- Description of the task
Would you print out all of the data exactly and keep the pictures out of it?

- Data for review
──────
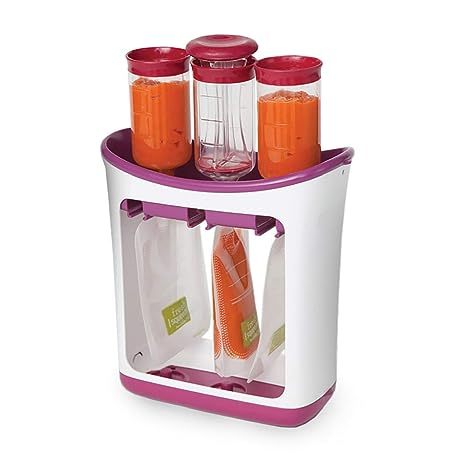 Squeeze Station For Homemade Baby Food Pouch Filling Station For Puree Food For Babies And Toddlers Dishwasher Safe And BPA-Free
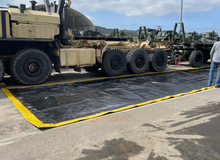 Load image into Gallery viewer, Spill Bully L-Bracket Secondary Containment Size: 12'x50'x12" Capacity 4488 Gal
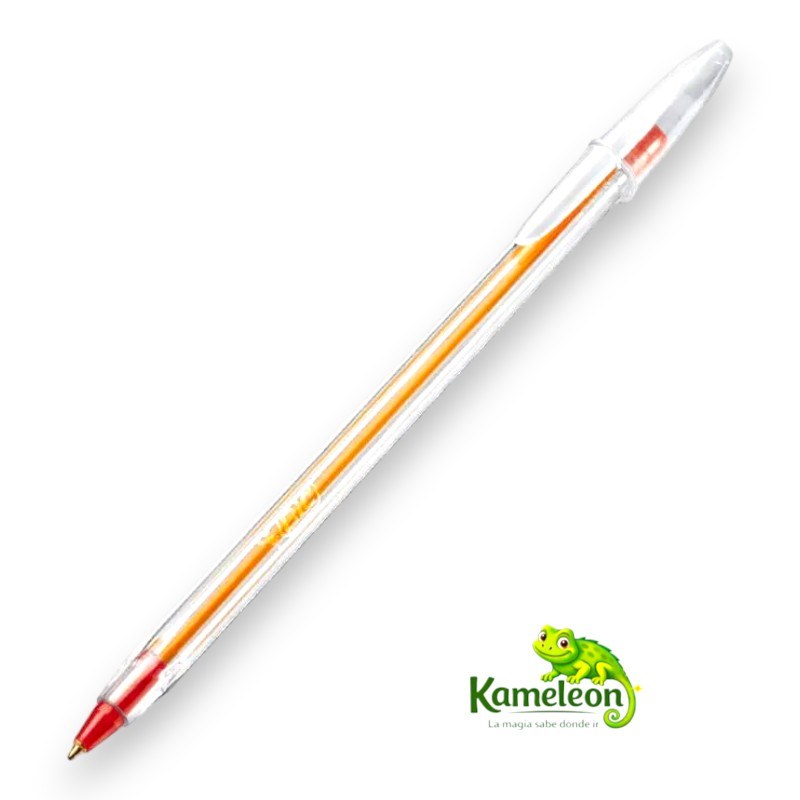 Lapicera bic cristal fina 08 roja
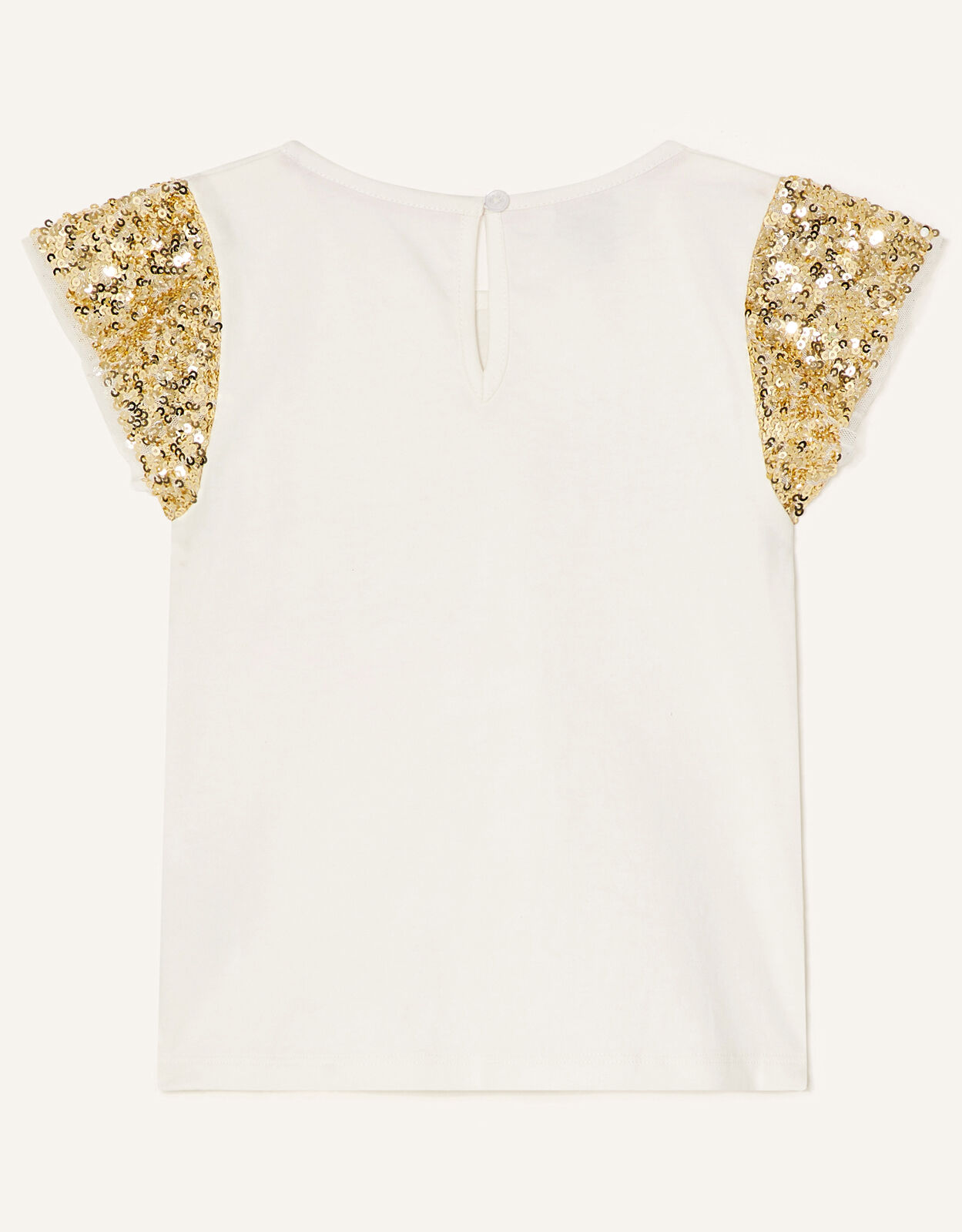 Girls gold sequin top clearance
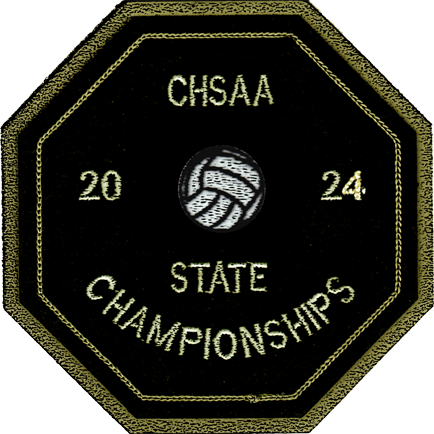 2024 CHSAA State Championship Volleyball Patch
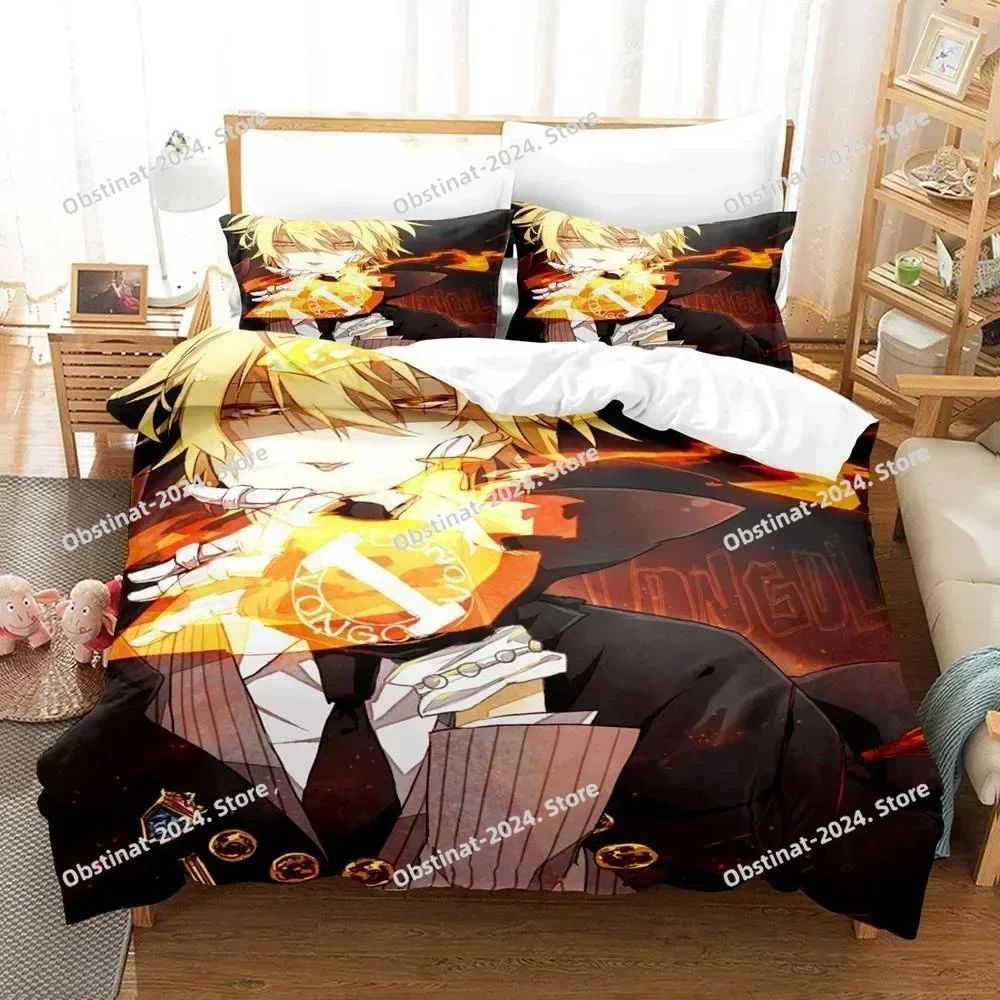 

New 3D Anime HITMAN REBORN Bedding Set Printed Bed Set With Pillowcase Bed Duvet Cover Soft Single Double Queen Super King Size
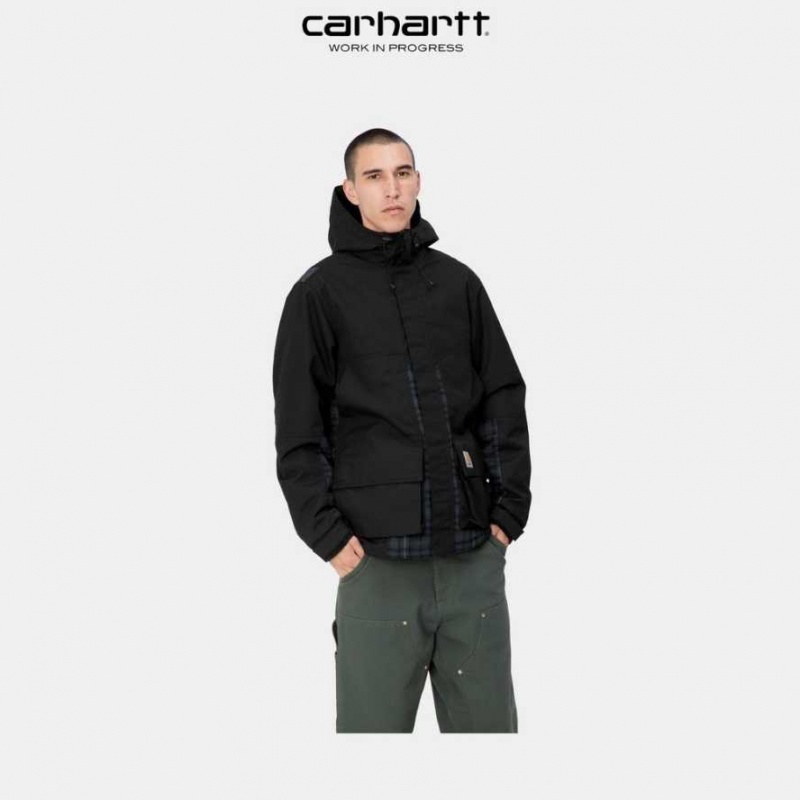 Carhartt Wip Highbury Check Jacket Svarta | SE0000033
──────
- Problem solution
 Squeeze Station For Homemade Baby Food Pouch Filling Station For Puree Food For Babies And Toddlers Dishwasher Safe And BPA-Free
 Load image into Gallery viewer, Spill Bully L-Bracket Secondary Containment Size: 12'x50'x12" Capacity 4488 Gal
 Lapicera bic cristal fina 08 roja
 Girls gold sequin top clearance
 2024 CHSAA State Championship Volleyball Patch

New 3D Anime HITMAN REBORN Bedding Set Printed Bed Set With Pillowcase Bed Duvet Cover Soft Single Double Queen Super King Size
 Carhartt Wip Highbury Check Jacket Svarta | SE0000033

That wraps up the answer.